Как Петр Афанасьевич терпел подобное, было непостижимо, да верно и то, что чужая душа потемки; в прочем же он вел себя и рассуждал вроде бы и разумно, но избавиться от некоторых сомнений в его здравоумии делалось порою все труднее.

Поэтому Василия Андреевича и тянуло поговорить насчет Годунова с кем-то другим. Но с кем? Тут важно было не промахнуться, не попасть впросак. Недоброжелателей у царского шурина при дворе много, да ведь не ко всякому придешь с таким разговором! За годы царствования Иоанна Васильевича двор стал гноищем, где оседало и накапливалось все самое подлое, самое растленное, что могли породить некогда добродетельные боярские семейства; конечно, добродетель их тоже бывала всякой, в семье не без урода, но в большинстве своем московская знать если и отступала от заветов благочестия, будь то по принуждению, корысти ради или по свойственной человекам природной слабости духа, – все же сознавала греховность творимого.

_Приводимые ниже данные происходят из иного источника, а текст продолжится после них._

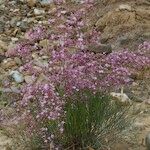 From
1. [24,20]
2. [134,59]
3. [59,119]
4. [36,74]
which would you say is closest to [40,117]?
[59,119]

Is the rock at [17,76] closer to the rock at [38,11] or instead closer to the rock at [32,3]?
the rock at [38,11]

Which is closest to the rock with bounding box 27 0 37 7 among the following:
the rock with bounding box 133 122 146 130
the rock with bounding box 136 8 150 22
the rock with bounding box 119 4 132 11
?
the rock with bounding box 119 4 132 11

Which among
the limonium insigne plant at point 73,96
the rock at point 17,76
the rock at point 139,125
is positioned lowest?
the rock at point 17,76

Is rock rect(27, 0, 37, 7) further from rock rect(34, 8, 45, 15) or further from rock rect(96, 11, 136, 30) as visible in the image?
rock rect(96, 11, 136, 30)

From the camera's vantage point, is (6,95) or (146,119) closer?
(146,119)

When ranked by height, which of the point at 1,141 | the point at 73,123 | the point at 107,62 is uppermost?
the point at 107,62

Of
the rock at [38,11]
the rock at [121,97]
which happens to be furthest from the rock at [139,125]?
the rock at [38,11]

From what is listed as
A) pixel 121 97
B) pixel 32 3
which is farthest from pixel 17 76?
pixel 32 3

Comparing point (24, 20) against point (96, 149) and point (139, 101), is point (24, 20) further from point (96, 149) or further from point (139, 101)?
point (96, 149) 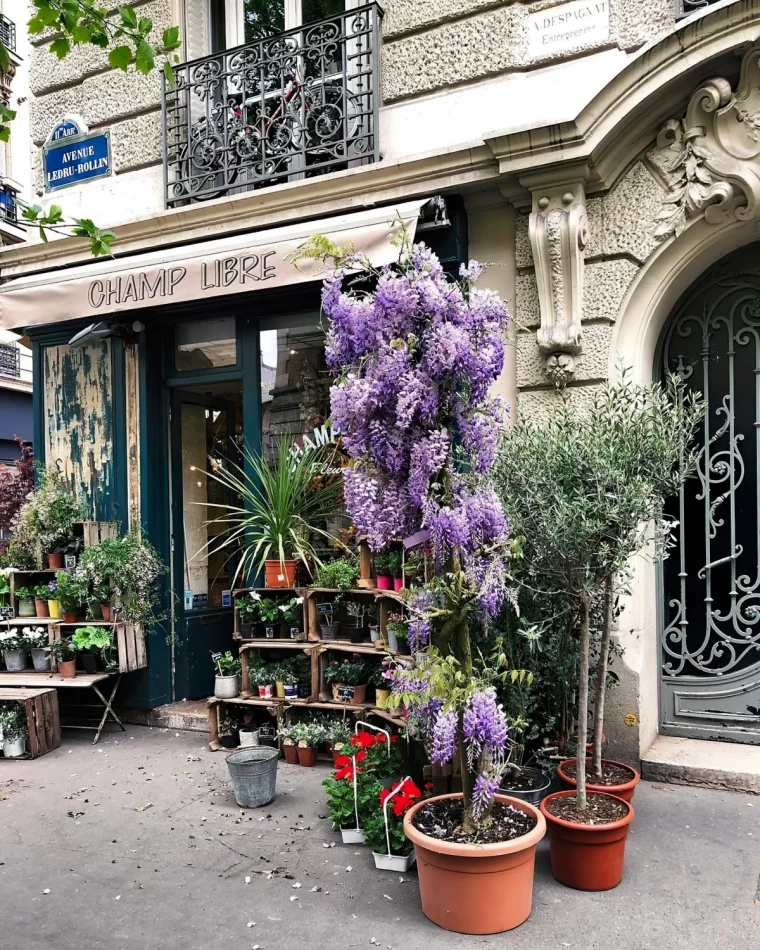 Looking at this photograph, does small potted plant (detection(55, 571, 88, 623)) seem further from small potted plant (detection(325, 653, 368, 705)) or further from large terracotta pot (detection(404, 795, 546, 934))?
large terracotta pot (detection(404, 795, 546, 934))

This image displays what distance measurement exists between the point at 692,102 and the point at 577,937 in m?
4.64

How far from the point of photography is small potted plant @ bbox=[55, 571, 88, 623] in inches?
249

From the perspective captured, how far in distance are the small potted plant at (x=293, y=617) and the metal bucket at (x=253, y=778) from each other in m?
1.17

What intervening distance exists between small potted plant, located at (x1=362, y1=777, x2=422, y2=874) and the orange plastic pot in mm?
2284

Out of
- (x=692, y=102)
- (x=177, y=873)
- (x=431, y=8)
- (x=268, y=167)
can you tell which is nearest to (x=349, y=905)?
(x=177, y=873)

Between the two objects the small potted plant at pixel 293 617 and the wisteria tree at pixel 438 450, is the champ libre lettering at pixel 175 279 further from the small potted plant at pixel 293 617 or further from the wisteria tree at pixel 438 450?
the small potted plant at pixel 293 617

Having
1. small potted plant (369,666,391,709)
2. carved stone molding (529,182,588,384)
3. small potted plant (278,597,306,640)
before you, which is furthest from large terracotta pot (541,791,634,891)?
carved stone molding (529,182,588,384)

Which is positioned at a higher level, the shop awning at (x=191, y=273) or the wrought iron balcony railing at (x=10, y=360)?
the wrought iron balcony railing at (x=10, y=360)

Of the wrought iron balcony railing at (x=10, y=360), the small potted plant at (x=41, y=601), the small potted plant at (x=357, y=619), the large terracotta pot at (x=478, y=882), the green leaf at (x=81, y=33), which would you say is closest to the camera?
the large terracotta pot at (x=478, y=882)

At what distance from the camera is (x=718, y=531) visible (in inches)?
205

При Иоанновом же тиранстве и сознавать это перестали, благо оправдание было всегда под рукой: иначе, мол, наверху не удержишься, а уйдем мы, и останется возле государя одна сволочь – те-то и вовсе все погубят…

Вот так, год за годом, и учились наушничать да изветничать, кривить душой, говорить не то, о чем помыслил, а делать не то, про что говорил. И до того ладно выучились, что и теперь, при милостивейшем Феодоре Иоанновиче, следуют тому же старому обыкновению. Иной будет в своем кругу всячески поносить «правителя», а потом первый побежит донести Бориске об услышанном. А Бориска тоже кое-чему выучился при покойном государе; только если одни учились подличать, чтобы сохранить место поближе к власти, то молодой Годунов учился держать эту власть железной рукой. Как держал Иоанн Васильевич.

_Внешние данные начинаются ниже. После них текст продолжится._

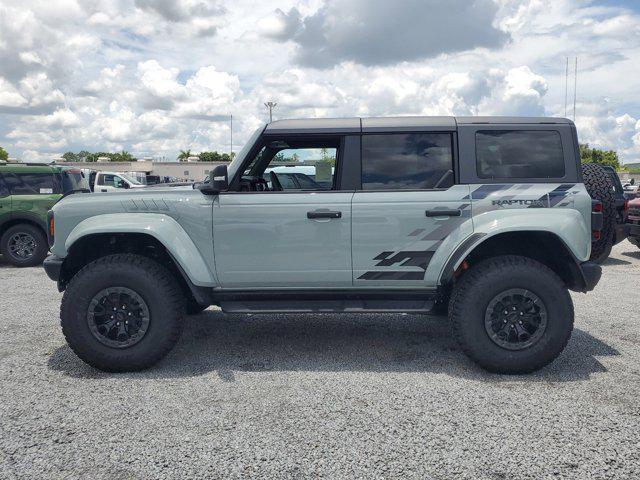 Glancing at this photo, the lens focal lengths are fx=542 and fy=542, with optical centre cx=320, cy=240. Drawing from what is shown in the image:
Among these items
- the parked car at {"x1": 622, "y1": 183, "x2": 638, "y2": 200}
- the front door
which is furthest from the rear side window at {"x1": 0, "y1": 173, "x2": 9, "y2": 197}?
the parked car at {"x1": 622, "y1": 183, "x2": 638, "y2": 200}

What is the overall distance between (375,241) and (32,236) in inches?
320

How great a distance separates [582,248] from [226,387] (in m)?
2.83

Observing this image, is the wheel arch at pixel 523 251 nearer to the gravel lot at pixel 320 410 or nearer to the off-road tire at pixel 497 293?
the off-road tire at pixel 497 293

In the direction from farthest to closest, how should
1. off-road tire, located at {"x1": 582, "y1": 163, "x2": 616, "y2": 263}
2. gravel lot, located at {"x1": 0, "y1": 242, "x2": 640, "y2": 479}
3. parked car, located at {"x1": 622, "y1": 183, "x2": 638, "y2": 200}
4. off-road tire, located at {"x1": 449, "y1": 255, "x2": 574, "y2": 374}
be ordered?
parked car, located at {"x1": 622, "y1": 183, "x2": 638, "y2": 200} < off-road tire, located at {"x1": 582, "y1": 163, "x2": 616, "y2": 263} < off-road tire, located at {"x1": 449, "y1": 255, "x2": 574, "y2": 374} < gravel lot, located at {"x1": 0, "y1": 242, "x2": 640, "y2": 479}

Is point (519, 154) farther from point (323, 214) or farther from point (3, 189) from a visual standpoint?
point (3, 189)

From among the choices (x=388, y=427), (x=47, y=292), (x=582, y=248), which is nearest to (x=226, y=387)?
(x=388, y=427)

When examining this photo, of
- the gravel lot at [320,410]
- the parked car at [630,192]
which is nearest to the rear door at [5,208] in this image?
the gravel lot at [320,410]

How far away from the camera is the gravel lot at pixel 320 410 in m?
2.85

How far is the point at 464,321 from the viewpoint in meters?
4.06

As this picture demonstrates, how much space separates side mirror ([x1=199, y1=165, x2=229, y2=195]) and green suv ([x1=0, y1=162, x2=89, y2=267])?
6.50 metres

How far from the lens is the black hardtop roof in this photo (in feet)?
14.0

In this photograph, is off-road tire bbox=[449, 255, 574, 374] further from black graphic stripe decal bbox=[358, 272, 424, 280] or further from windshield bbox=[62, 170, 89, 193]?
windshield bbox=[62, 170, 89, 193]

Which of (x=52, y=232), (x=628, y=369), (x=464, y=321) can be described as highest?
(x=52, y=232)

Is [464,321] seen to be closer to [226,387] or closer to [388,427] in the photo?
[388,427]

Вот почему не на шутку встревожило боярина Салтыкова рассказанное Вельяминовым. Сами по себе такого рода тайные сговоры не были в диковину и при других дворах, и – строго говоря – запрос Годунова венскому двору нельзя рассматривать как воровство, государственную измену. Однако родному брату царицы делать это было негоже, и Борис не мог этого не понимать. А коли, понимая, все-таки сделал, то это показывает его решимость рваться к власти любой ценой, не останавливаясь ни перед чем. И в этом он может оказаться пострашнее Иоанна! Тот власти не домогался, ему она была предопределена от рождения; потом боролся за нее всю жизнь, но лишь обороняя свое единодержавие от тех, кто на него посягал. Годунову же, когда он вплотную подступит к власти, придется силой вырывать ее у других, имеющих куда больше прав владеть Московской державой. А при таком споре люди становятся беспощадны.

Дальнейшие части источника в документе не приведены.